【ビジネスの明日】#39 村山自動車ボデー工場社長 村山聡さん

需要の動向を読み先手打つ

名刺に並ぶ肩書で「塗装職人」の文字が一番大きい。修理や整備を手がける村山自動車ボデー工場(松本市双葉)の4代目、村山聡さん(54)は、「傷、へこみをきれいに直すのは、AI(人工知能)には絶対にできない」と語る。もう一つの肩書、「代表取締役」として需要の動向を読み、技術力を武器に会社を変革してきた。
ぶつけたり事故に遭ったりした車が工場に来る。「状態は千差万別。金属板の厚みもメーカーによって違う」。一つとして同じ復元作業はなく、樹脂など新素材への対応も必要だ。テクノロジーが発達しても練達した職人の技は欠かせないと考えるゆえんだ。
弟の優さん(52)は専務で、板金職人。ともに30年余りの経験を持つ兄弟職人の二枚看板に、最新設備を組み合わせる。完璧な修理を目指す取り組みを「美術品の贋作(がんさく)者のイメージ」と表現する。
要望は丁寧に聞く。修理に満足した客から「車検も」という依頼が増えている。自動運転化する車に備え、工場で電子制御装置も扱える認証を取得した。

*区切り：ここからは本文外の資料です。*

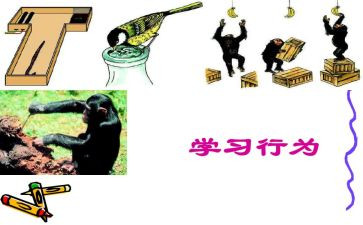 微行为心理学心得6篇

車検需要の取り込みが経営のポイントになると見込んでこそだ。
先手を打つ経営を心がけ、新聞や業界誌、インターネットなどを読み込む。情報の扱いは昔から得意だった。

子どもの頃は税理士志望。だが、曽祖父が1927(昭和2)年に創業した会社の行方が心配になった。唯一の整備士資格保持者だった祖父が倒れると、工場は続けられなくなる。10人いる社員はどうなるのか。松本深志高校在学中、自分が整備士になると決めた。
東京での修業中、ディーラーが自前で整備や修理をする内製化の流れを目の当たりにした。地元に帰ると、会社の仕事はディーラー下請けが8割だった。取引先を多様化しようと、保険代理店などの営業に回った。

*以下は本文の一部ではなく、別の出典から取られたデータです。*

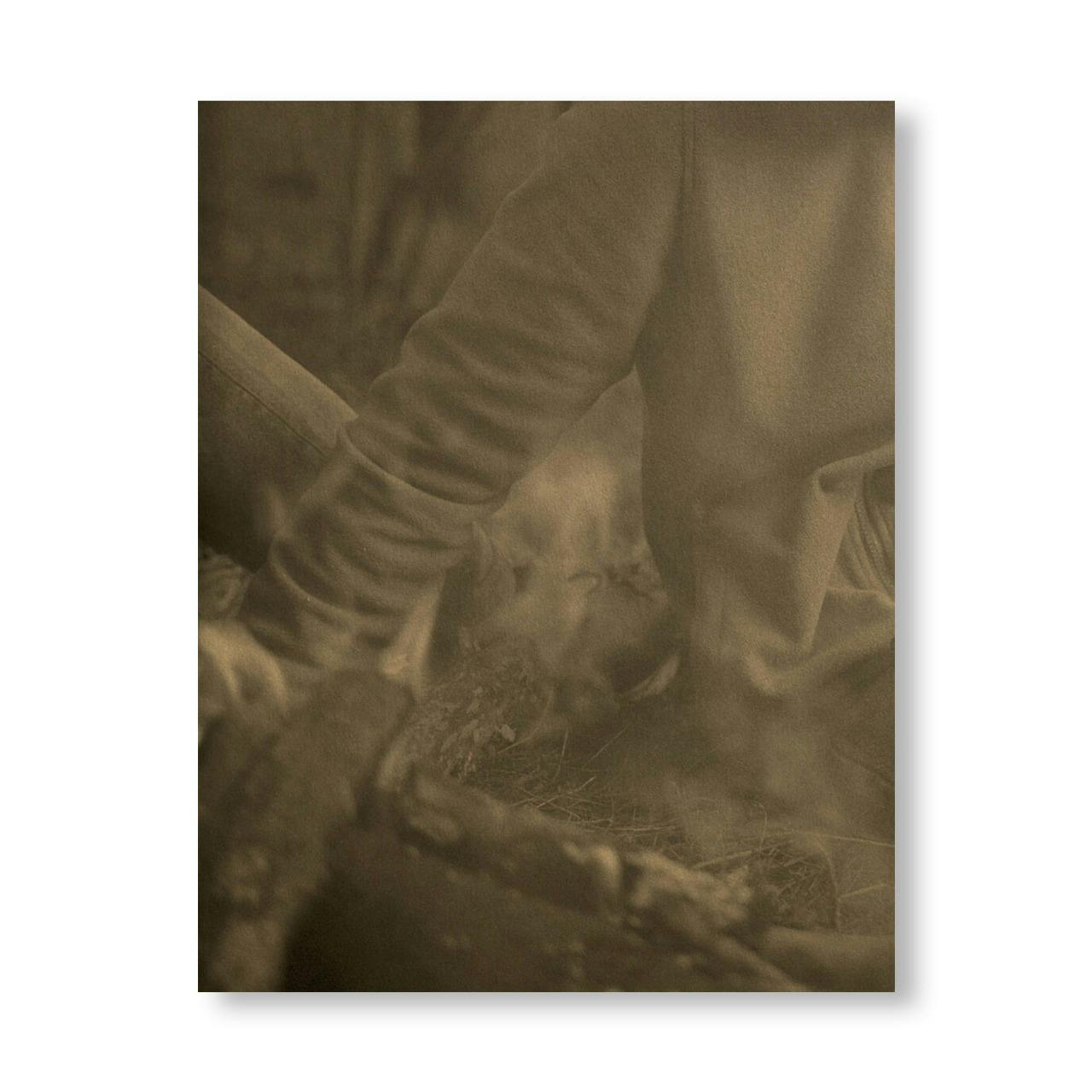 LA RONDE DES HIRONDELLES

やがて読み通り、中信のディーラーも内製化を進めたが、乗り越えた。今、下請け仕事は1割にも満たない。
事故修理の需要が減るとも読んだ。自動ブレーキなど安全装置は日進月歩。新規採用をやめ、定年自然減で社員を減らした。
今、役員以外の正社員は長男岳さん(24)だけ。自分と同じく、深志高を出て整備士になった。次男(21)、三男(18)も整備士の道を歩んでいる。

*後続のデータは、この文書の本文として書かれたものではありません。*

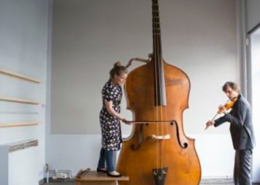 Octobajo, cordofone de arco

3兄弟の少数精鋭で十分に稼ぐ。家業の次代をそう描き、効率のいい経営を目指す。

【プロフィル】
むらやま・さとし1968年、松本市出身。松本深志高卒業後、自動車整備士の学校へ。東京都内で3年修業し、村山自動車ボデー工場入社。2011年、社長就任。松本市高宮北在住。